Founded in 1743, Friedrich-Alexander-University Erlangen-Nürnberg (FAU) is one of the top research universities in Germany with almost 40,000 students. With five faculties, the university offers classes and research opportunities in a wide range of subjects. At Master’s level in particular, many subjects are taught entirely in English.

FAU offers outstanding research conditions for graduate students, doctoral candidates and young researchers. It provides a state-of-the-art scientific infrastructure as well as intensive research mentoring and support. FAU students receive world-class training in an inspiring environment with access to exciting international exchange opportunities and excellent career prospects. The University’s global vision is exemplified by its successful FAU Busan Campus in South Korea. FAU benefits from international, national and regional collaborations with other renowned research institutions.

The Cities of Erlangen and Nuremberg

The main university campus is located in Erlangen, a charming town at the heart of the Metropolitan Region Nuremberg with approximately 100,000 inhabitants. The city – home of the Huguenots, cyclists and Siemens – hosts a vibrant student life and cultural scene. “Franconian Switzerland”, a paradise for climbers and walkers, offers many outdoor activities right around the corner.

The city of Nuremberg (German: Nürnberg) is just south of Erlangen, with a population of half a million and a distinct metropolitan flair. It is not only known for its Market (‘Christkindlesmarkt’), but also for theaters, museums, music festivals and other cultural events. The medieval walled city of Nuremberg, famous for Albrecht Dürer and the Nuremberg Renaissance, continues to thrill tourists all year round.

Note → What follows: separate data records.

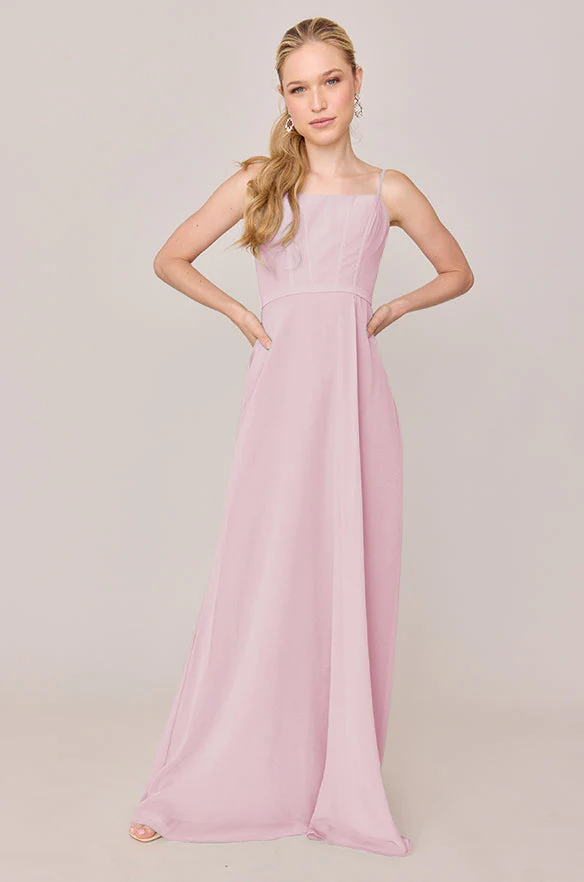 Nova Chiffon Dress | Made To Order - Image 150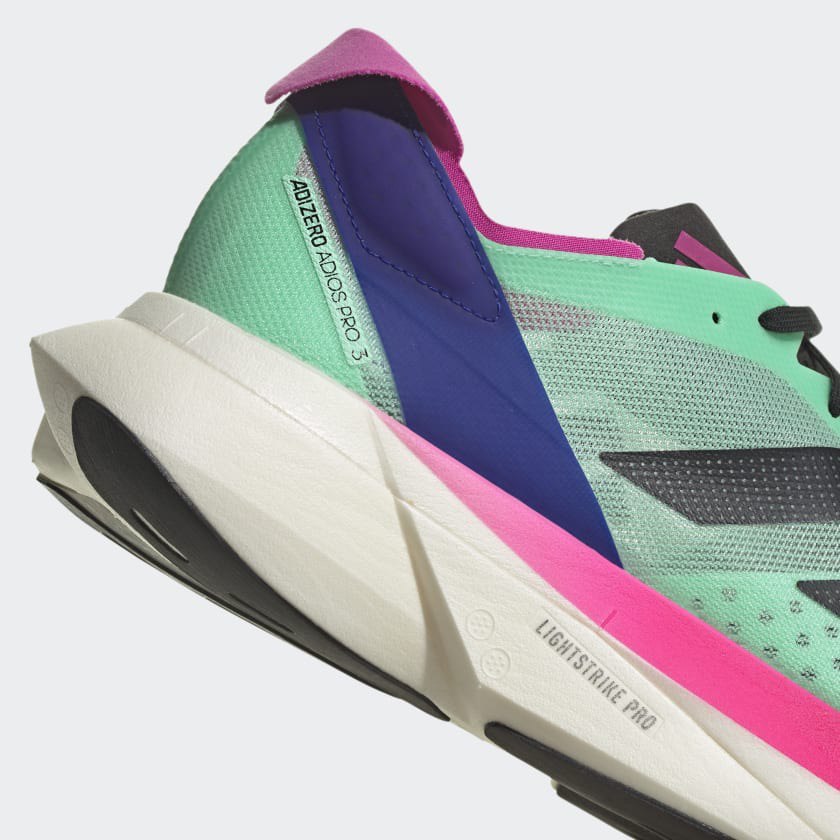 Adidas Adizero Adios Pro 3.0 - Verde/Rosa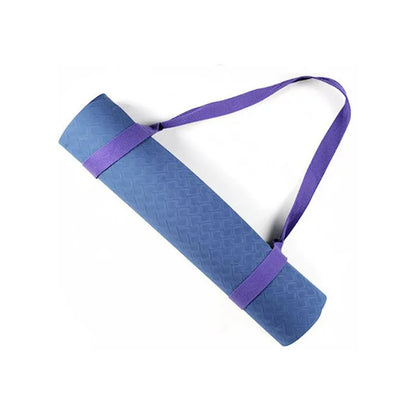 Adjustable Yoga Mat Strap – Shoulder Carrier for Exercise, Fitness & Stretch, 165cm x 3.8cm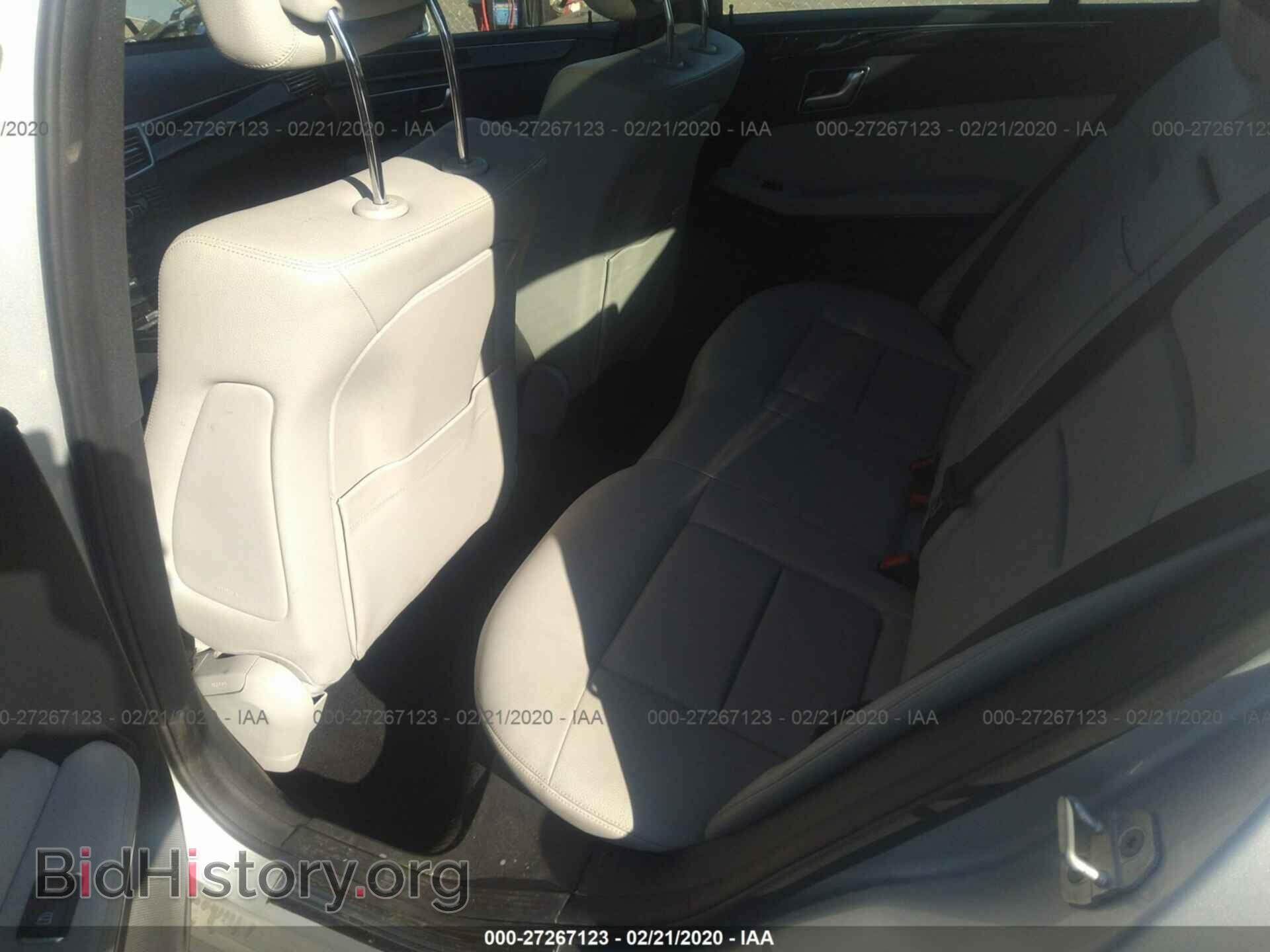 2012 MERCEDES-BENZ E - VIN: WDDHF5KB1CA608496 - Фото 7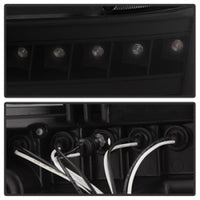 Thumbnail for Spyder Toyota Tundra 07-133 Projector Headlights LED Halo LED Blk PRO-YD-TTU07-HL-BK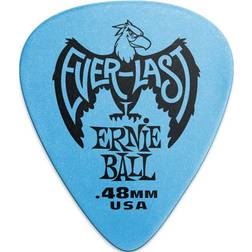 Ernie Ball Everlast Picks 0.48 Blue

In 1933, the National Socialists made Nuremberg the “City of the Party Rallies” and adopted the racial laws in contempt of humanity here in 1935. After the end of the war, the allies tried the main Nazi war criminals in the Nuremberg Palace of Justice. The “Nuremberg Trials” paved the way for today’s international criminal law. Accepting its historic responsibility, Nuremberg endeavours to become a “City of Peace and Human Rights” today. The Documentation Centre Party Rally Grounds, the “Memorial Nuremberg Trials” in the world-famous Court Room 600 in the Nuremberg Palace of Justice, the “Way of Human Rights” in the city’s centre, the biannual Nuremberg International Human Rights Award, the Nuremberg International Human Rights Film Festival and the Nuremberg Human Rights Centre are some of the important elements of these endeavours.

Students will find the academic setting of Erlangen combined with the past and present of Nuremberg to be the perfect environment for a successful and enriching experience of learning about human rights.